David Shumate
David Shumate is an American poet.
Life
David Shumate is the author of three books of prose poems published by the University of Pittsburgh Press: Kimonos in the Closet (2013), The Floating Bridge (2008) and High Water Mark (2004), winner of the 2003 Agnes Lynch Starrett Poetry Prize. His poetry has appeared widely in literary journals and has been anthologized in Good Poems for Hard Times, The Best American Poetry, and The Writer’s Almanac as well as in numerous other anthologies and university texts. He was awarded an NEA Fellowship in poetry in 2009 and a Creative Renewal Fellowship by the Arts Council of Indianapolis in 2007. Shumate is poet-in-residence emeritus at Marian University and a lecturer in Butler University’s MFA program. He lives in Zionsville, Indiana.
Awards
- 2003 Agnes Lynch Starrett Poetry Prize
- 2005 Best Books of Indiana competition
- 2007 Creative Renewal Fellowship-Arts Council of Indianapolis
- 2009 NEA Creative Writing Fellowship
Works
- "Plum", AGNI
- "In the Next America", Double Room
- "Afternoon Nap", Arabesques Review
- High Water Mark.
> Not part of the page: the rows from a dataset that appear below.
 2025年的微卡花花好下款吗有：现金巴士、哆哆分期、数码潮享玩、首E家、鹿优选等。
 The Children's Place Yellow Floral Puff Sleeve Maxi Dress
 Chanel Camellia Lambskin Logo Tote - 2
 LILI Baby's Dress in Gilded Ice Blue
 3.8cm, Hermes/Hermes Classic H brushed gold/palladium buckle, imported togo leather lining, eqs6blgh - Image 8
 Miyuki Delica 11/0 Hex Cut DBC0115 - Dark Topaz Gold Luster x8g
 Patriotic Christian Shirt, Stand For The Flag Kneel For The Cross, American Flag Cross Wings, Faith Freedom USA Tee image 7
University of Pittsburgh Press. 2004. ISBN 978-0-8229-5858-1.
- The Floating Bridge: prose poems. University of Pittsburgh Press. 2008. ISBN 978-0-8229-5989-2.
- Kimonos in the Closet, University of Pittsburgh Press, 2013
Anthologies
- Heather McHugh; David Lehman, eds. (2007). "Drawing Jesus". The Best American Poetry 2007. Simon and Schuster. ISBN 978-0-7432-9973-2.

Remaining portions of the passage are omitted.